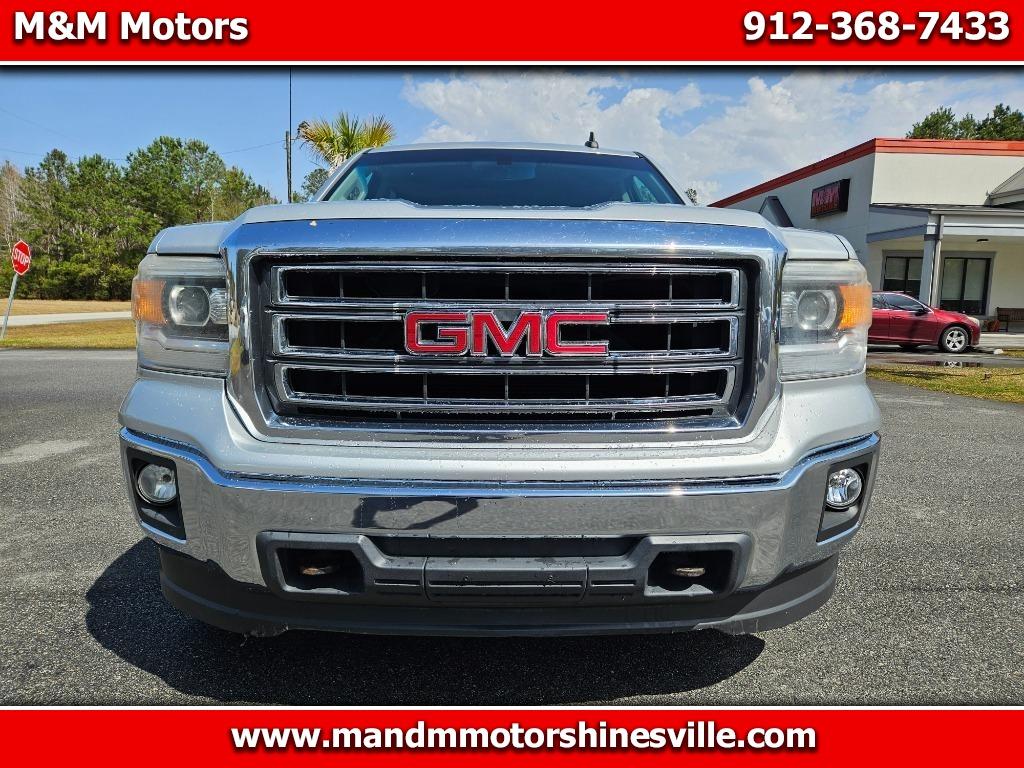 2015 GMC Sierra 1500 SLE photo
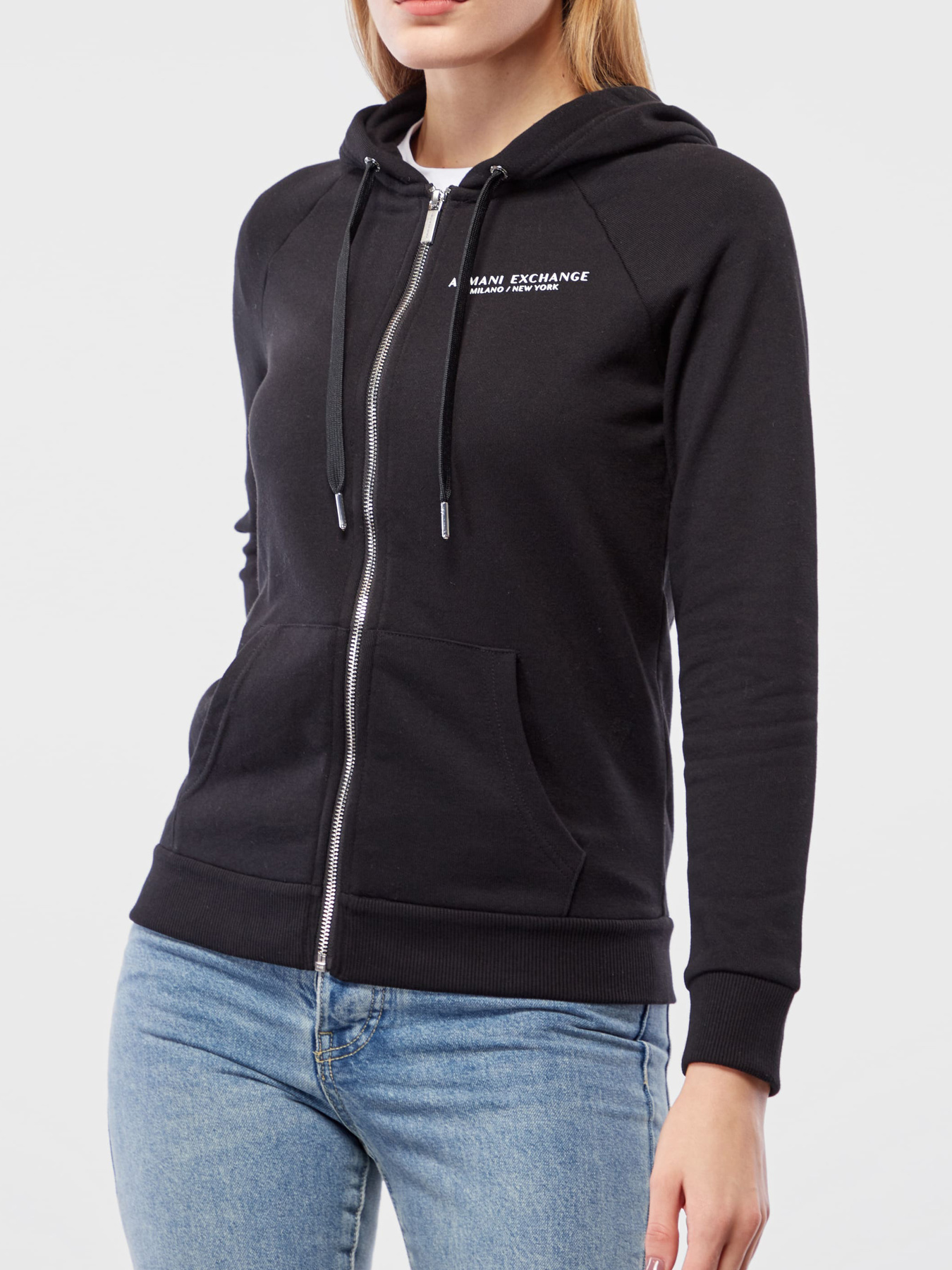 Худи и свитшоты Armani Exchange модель 8NYM28-YJE5Z-1200 Фото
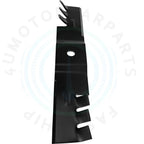 3 Pcs Black 48" Blade Deck for Cub Cadet GT2148 (2000–2023)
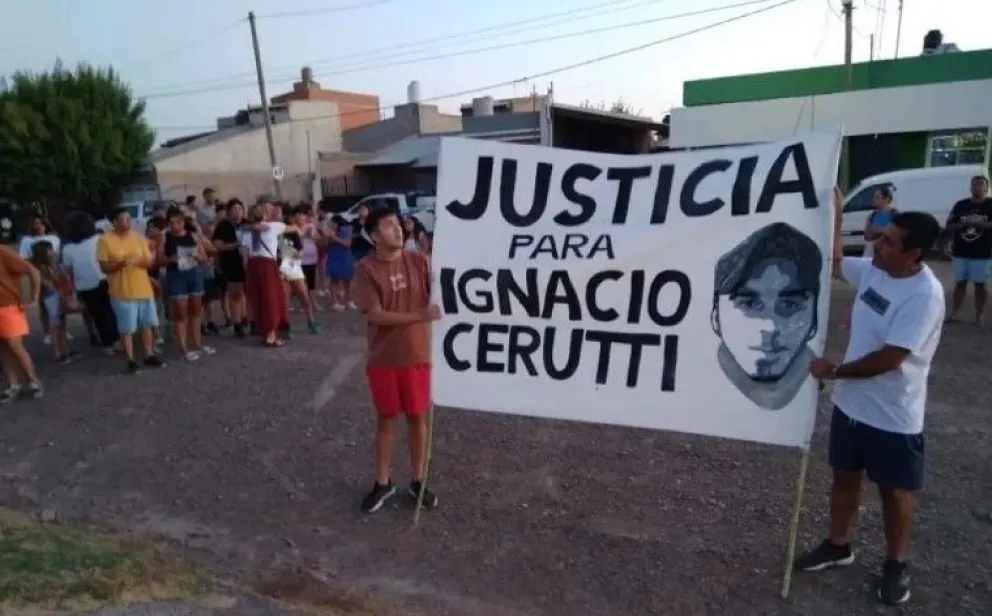 Mañana se cumplirá 9 meses del hecho ocurrido en la Comisaría 35. Foto LCR (archivo).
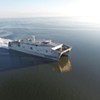 Navy Finally Names a Ship After Burlington — Burlington, <i>Vermont</i>, That Is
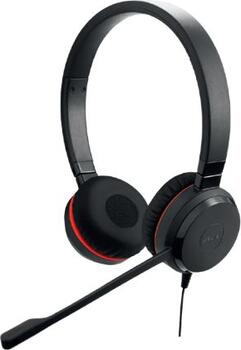 Jabra Evolve 20SE MS Stereo USB-A, Kopfhörer (On-Ear) 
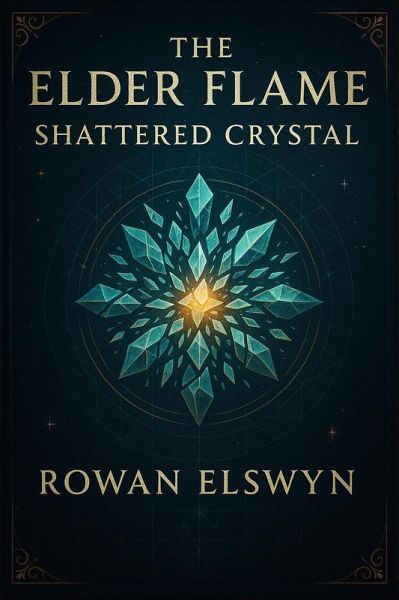 The Elder Flame: Shattered Crystal (Songs of the Elders, #3) (eBook, ePUB) The Elder Flame: Shattered Crystal (Songs of the Elders, #3) (eBook, ePUB)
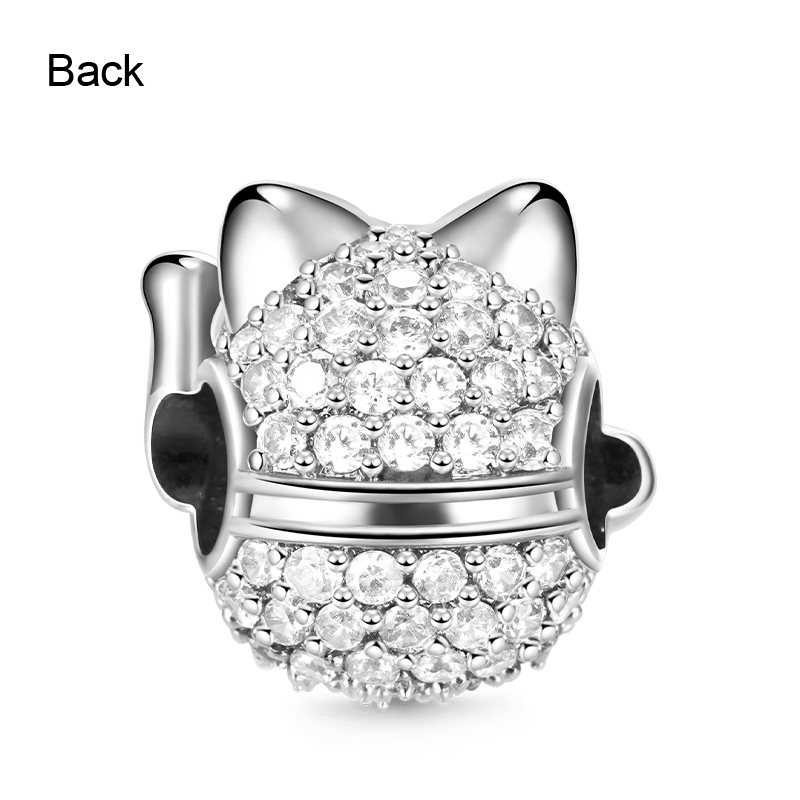 Lucky Cat Charm image number 2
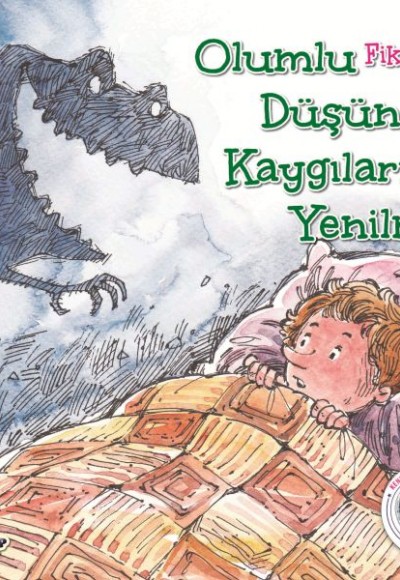 Olumlu Düşün Kaygılarına Yenilme! - Kendine Yardımcı Ol Olumlu Düşün Kaygılarına Yenilme! - Kendine Yardımcı Ol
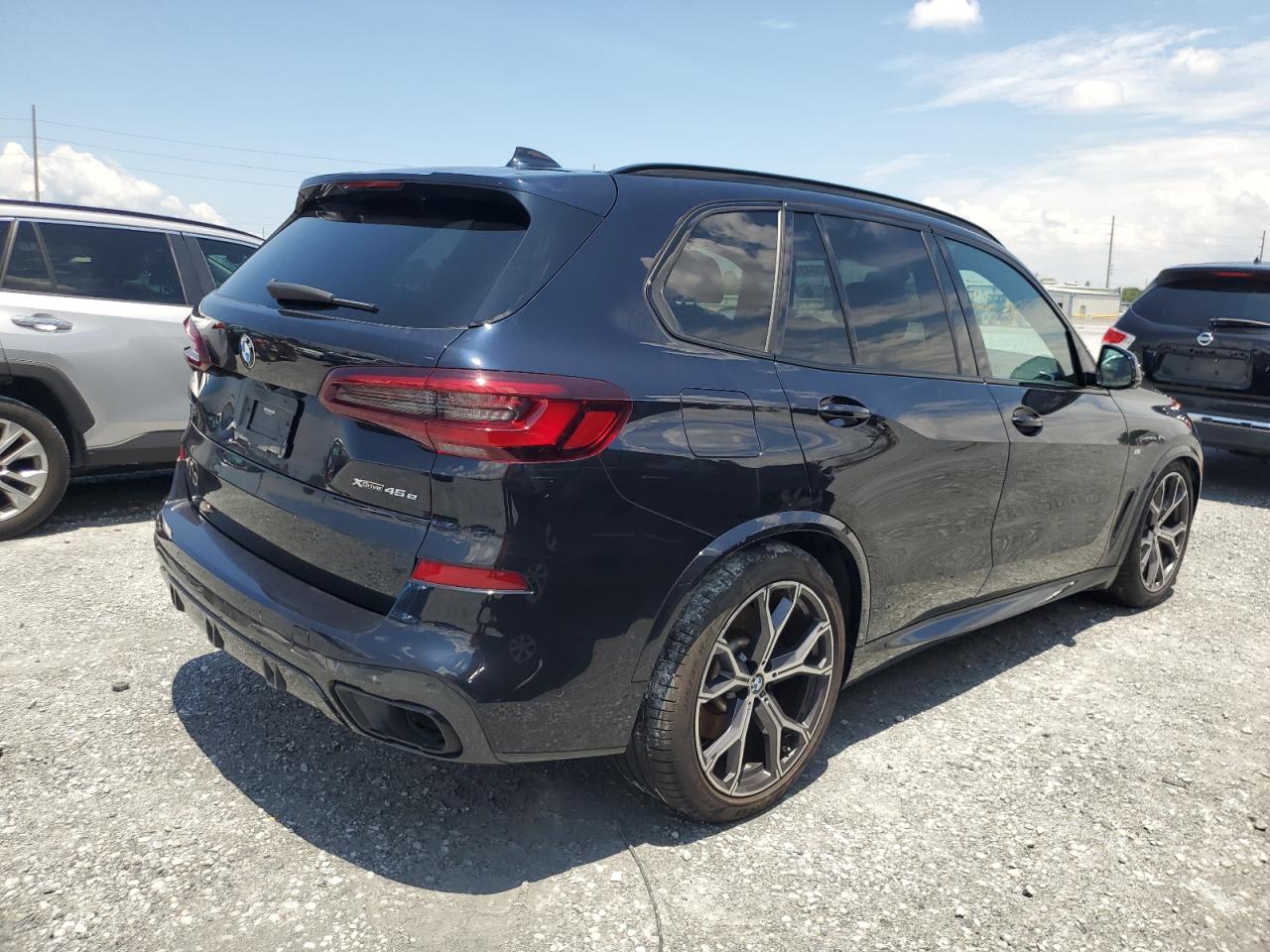 2021 BMW X5 xDrive45E VIN: 5UXTA6C06M9F03463 Lot: 64504315
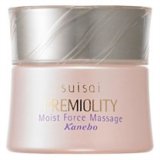 カネボウ suisai プレミオリティ モイストフォースマッサージ 100g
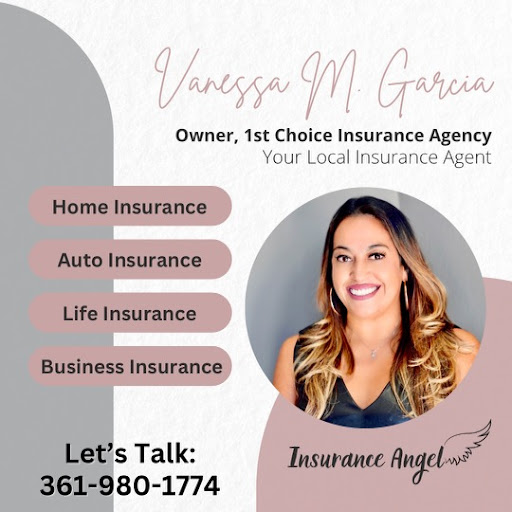 Vanessa Garcia 1st Choice Insurance Agency - Thumbnail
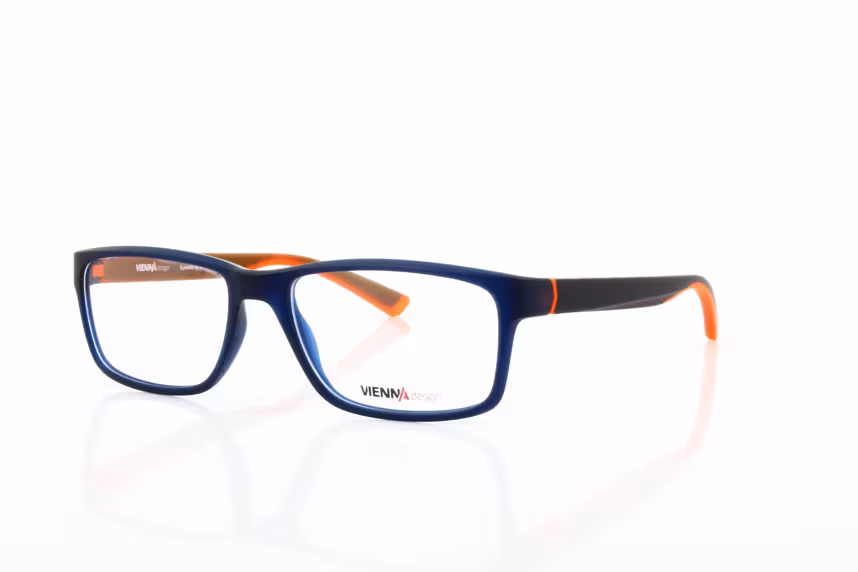 UN 671-03H Herrenbrille Kunststoff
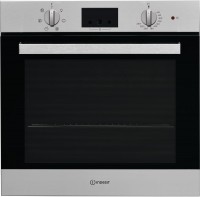 Photos - Oven Indesit IFW 65Y0 IX 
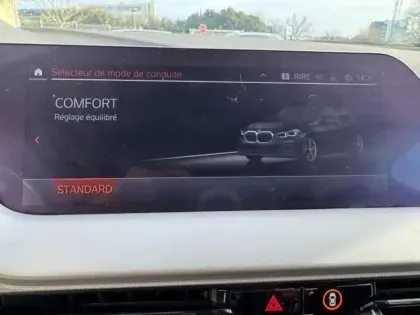 Photo 10 BMW Serie 1 Série 1 116dA 116ch Business Design DKG7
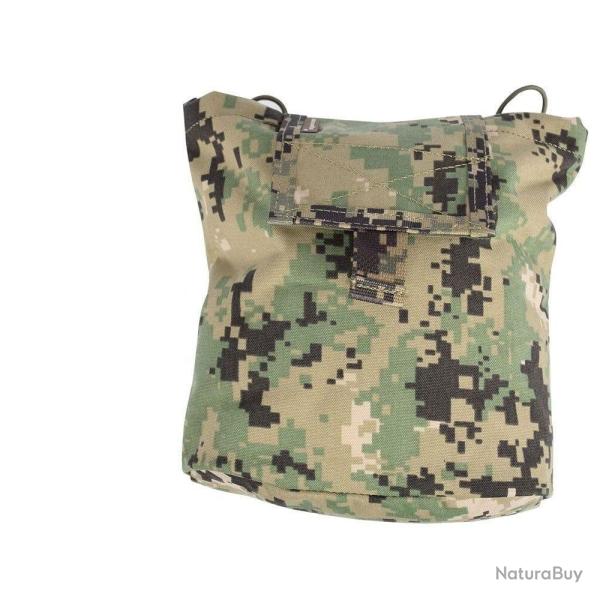 Pochette r�cup�ration Molle EmersonGear - Digital Jungle
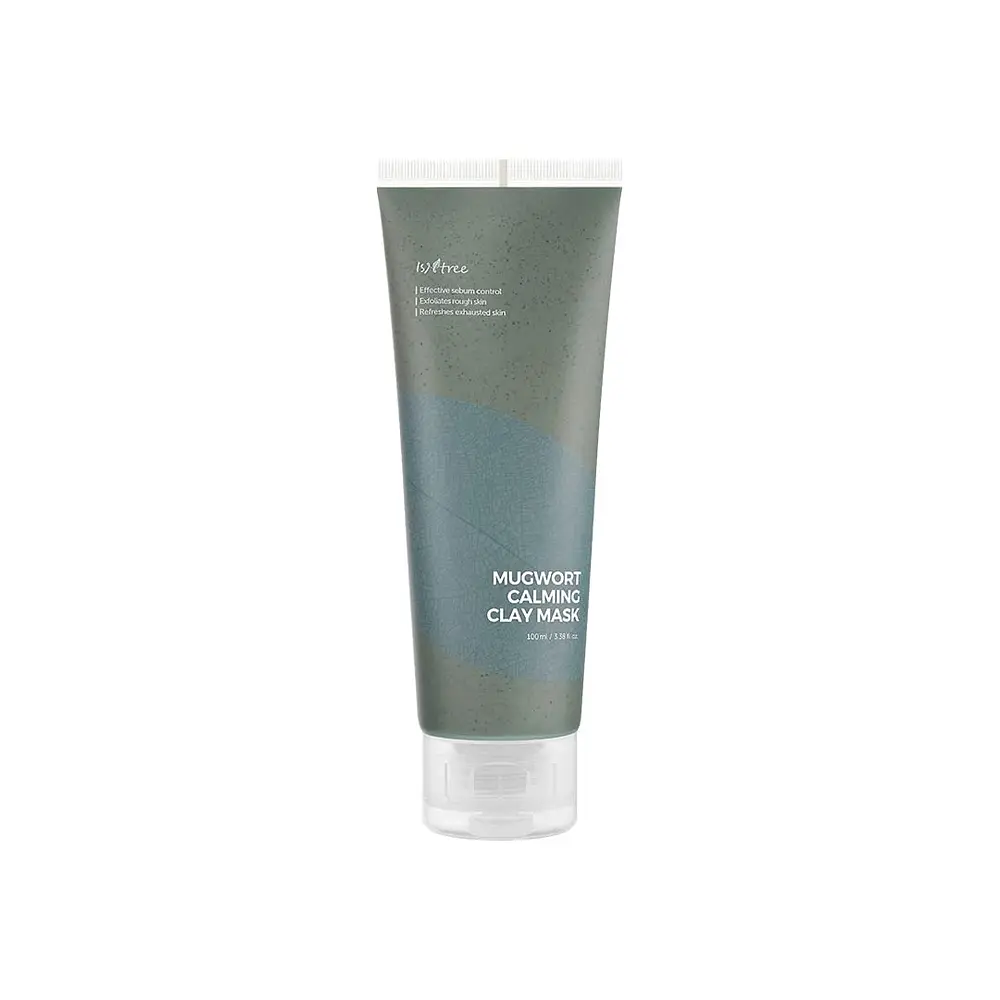 Isntree Mugwort Calming Clay Mask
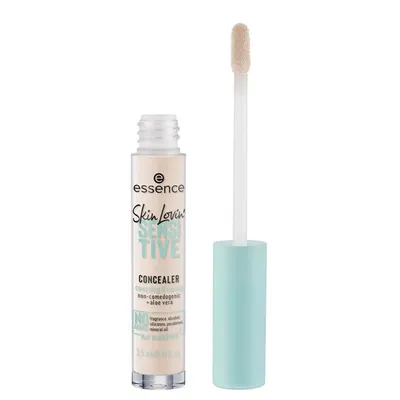 Essence Concealer Skin Lovin' Sensitive (Korektor do twarzy i pod oczy)
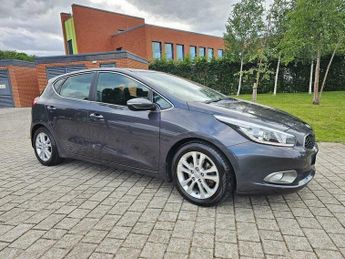 Kia Ceed 1.6 CRDi 2 Auto Euro 5 5dr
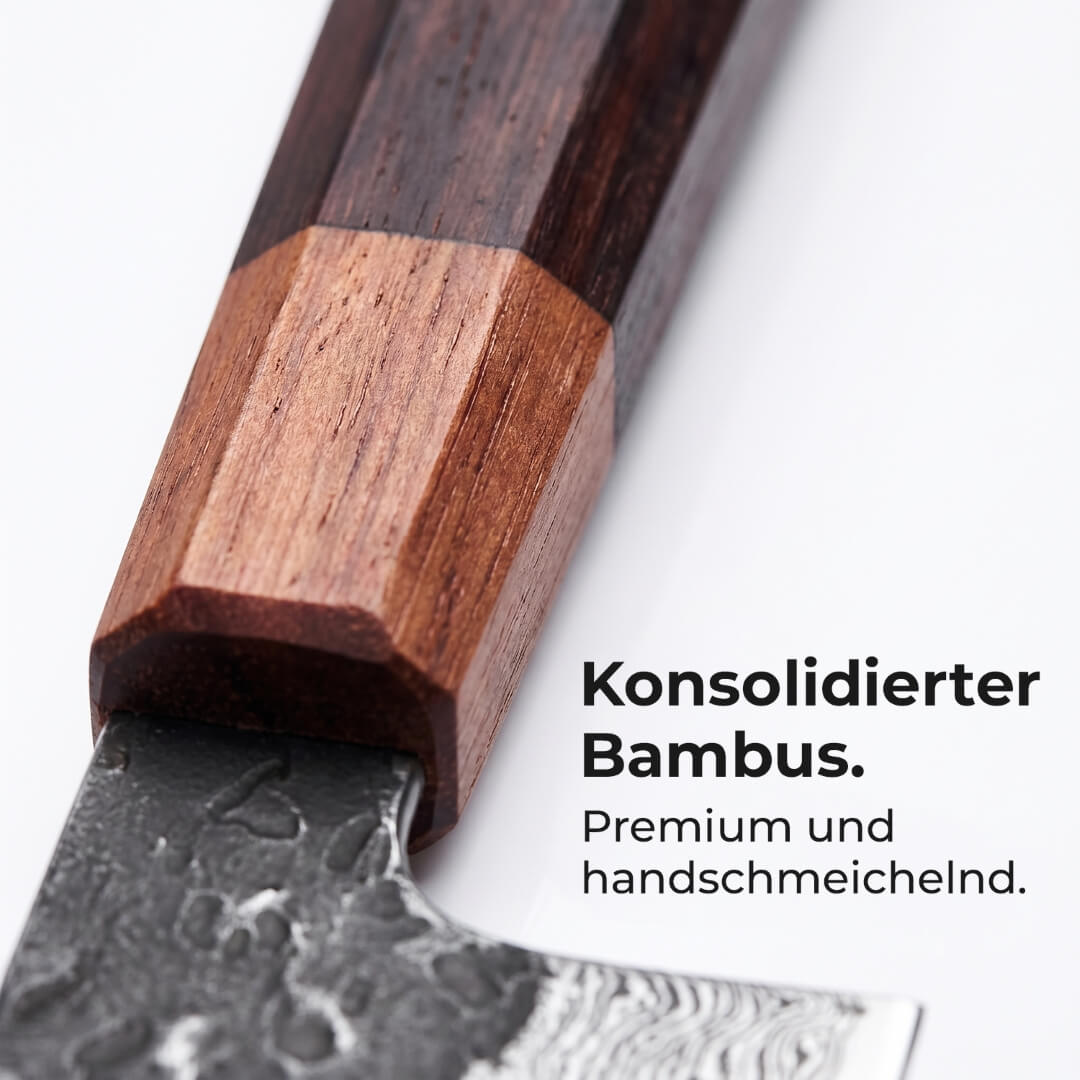 Shikku Chef Damastmesser / VIP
◆ ◆ ◆ ◆ ◆ ◆ ◆
Drop the images and return the data verbatim.

Finished task
 2015 GMC Sierra 1500 SLE photo
 Худи и свитшоты Armani Exchange модель 8NYM28-YJE5Z-1200 Фото
 3 Pcs Black 48" Blade Deck for Cub Cadet GT2148 (2000–2023)
 Mañana se cumplirá 9 meses del hecho ocurrido en la Comisaría 35. Foto LCR (archivo).
 Navy Finally Names a Ship After Burlington — Burlington, <i>Vermont</i>, That Is
 Jabra Evolve 20SE MS Stereo USB-A, Kopfhörer (On-Ear) 
 The Elder Flame: Shattered Crystal (Songs of the Elders, #3) (eBook, ePUB) The Elder Flame: Shattered Crystal (Songs of the Elders, #3) (eBook, ePUB)
 Lucky Cat Charm image number 2
 Olumlu Düşün Kaygılarına Yenilme! - Kendine Yardımcı Ol Olumlu Düşün Kaygılarına Yenilme! - Kendine Yardımcı Ol
 2021 BMW X5 xDrive45E VIN: 5UXTA6C06M9F03463 Lot: 64504315
 カネボウ suisai プレミオリティ モイストフォースマッサージ 100g
 Vanessa Garcia 1st Choice Insurance Agency - Thumbnail
 UN 671-03H Herrenbrille Kunststoff
 Photos - Oven Indesit IFW 65Y0 IX 
 Photo 10 BMW Serie 1 Série 1 116dA 116ch Business Design DKG7
 Pochette r�cup�ration Molle EmersonGear - Digital Jungle
 Isntree Mugwort Calming Clay Mask
 Essence Concealer Skin Lovin' Sensitive (Korektor do twarzy i pod oczy)
 Kia Ceed 1.6 CRDi 2 Auto Euro 5 5dr
 Shikku Chef Damastmesser / VIP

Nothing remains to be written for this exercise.